TensorFlow is an end-to-end open source platform for machine learning. It has a comprehensive, flexible ecosystem of tools, libraries and community resources that lets researchers push the state-of-the-art in ML and developers easily build and deploy ML powered applications. For more information, refer to https://www.tensorflow.org/.

Horovod is a distributed deep learning training framework for TensorFlow, Keras, PyTorch, and Apache MXNet. The goal of Horovod is to make distributed deep learning fast and easy to use. For more information refer to https://github.com/horovod/horovod.

This test runs the Horovod tensorflow2_synthentic_benchmark.py example, checks its sanity and extracts the GPU performance.

batch_size = 32

The size of the batch used during the learning of models.

Type

int

Default

32

benchmark_version = v0.21.0

The version of Horovod to use.

Type

str

Default

'v0.21.0'

model = InceptionV3

The name of the model to use for this benchmark.

Type

str

Default

'InceptionV3'

num_batches_per_iter = 5

The number of batches per iteration.

Type

int

Default

5

num_iters = 5

The number of iterations.

Type

int

Default

5

num_warmup_batches = 5

The number of warmup batches

Type

int

Default

5

throughput_iteration()[source]

The average GPU throughput per iteration in images/s.

throughput_total()[source]

The total GPU throughput of the benchmark in images/s.

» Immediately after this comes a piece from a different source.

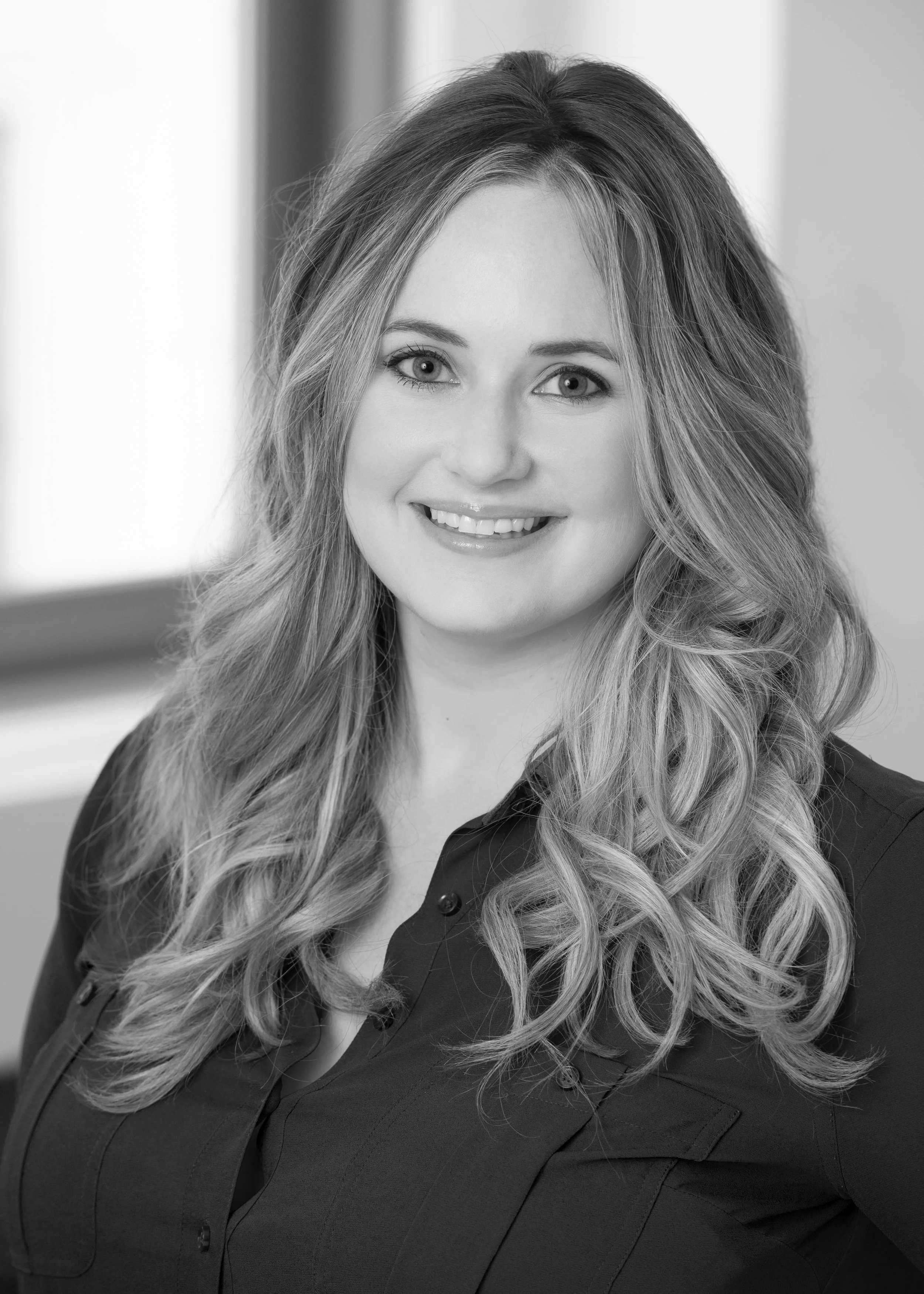 a public relations professional headshot in black and white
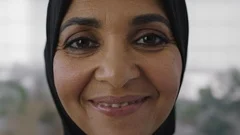 close up portrait of middle aged muslim business woman smiling looking cheerful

class hpctestlib.ml.pytorch.horovod.pytorch_cnn_check(*args, **kwargs)[source]

Bases: RunOnlyRegressionTest

Run a synthetic CNN benchmark with PyTorch and Horovod.

PyTorch is a Python package that provides tensor computation like NumPy with strong GPU acceleration and deep neural networks built on a tape-based autograd system. For more information, refer to https://pytorch.org/.

Horovod is a distributed deep learning training framework for TensorFlow, Keras, PyTorch, and Apache MXNet. The goal of Horovod is to make distributed deep learning fast and easy to use. For more information refer to https://github.com/horovod/horovod.

This test runs the Horovod pytorch_synthentic_benchmark.py example, checks its sanity and extracts the GPU performance.

batch_size = 64

The size of the batch used during the learning of models.

Type

int

Default

64

benchmark_version = v0.21.0

The version of Horovod to use.

Type

str

Default

'v0.21.0'

model = inception_v3

The name of the model to use for this benchmark.

Type

str

Default

'inception_v3'

num_batches_per_iter = 5

The number of batches per iteration.

Type

int

Default

5

num_iters = 5

The number of iterations.

Type

int

Default

5

num_warmup_batches = 5

The number of warmup batches

Type

int

Default

5

throughput_iteration()[source]

The average GPU throughput per iteration in images/s.

throughput_total()[source]

The total GPU throughput of the benchmark in images/s.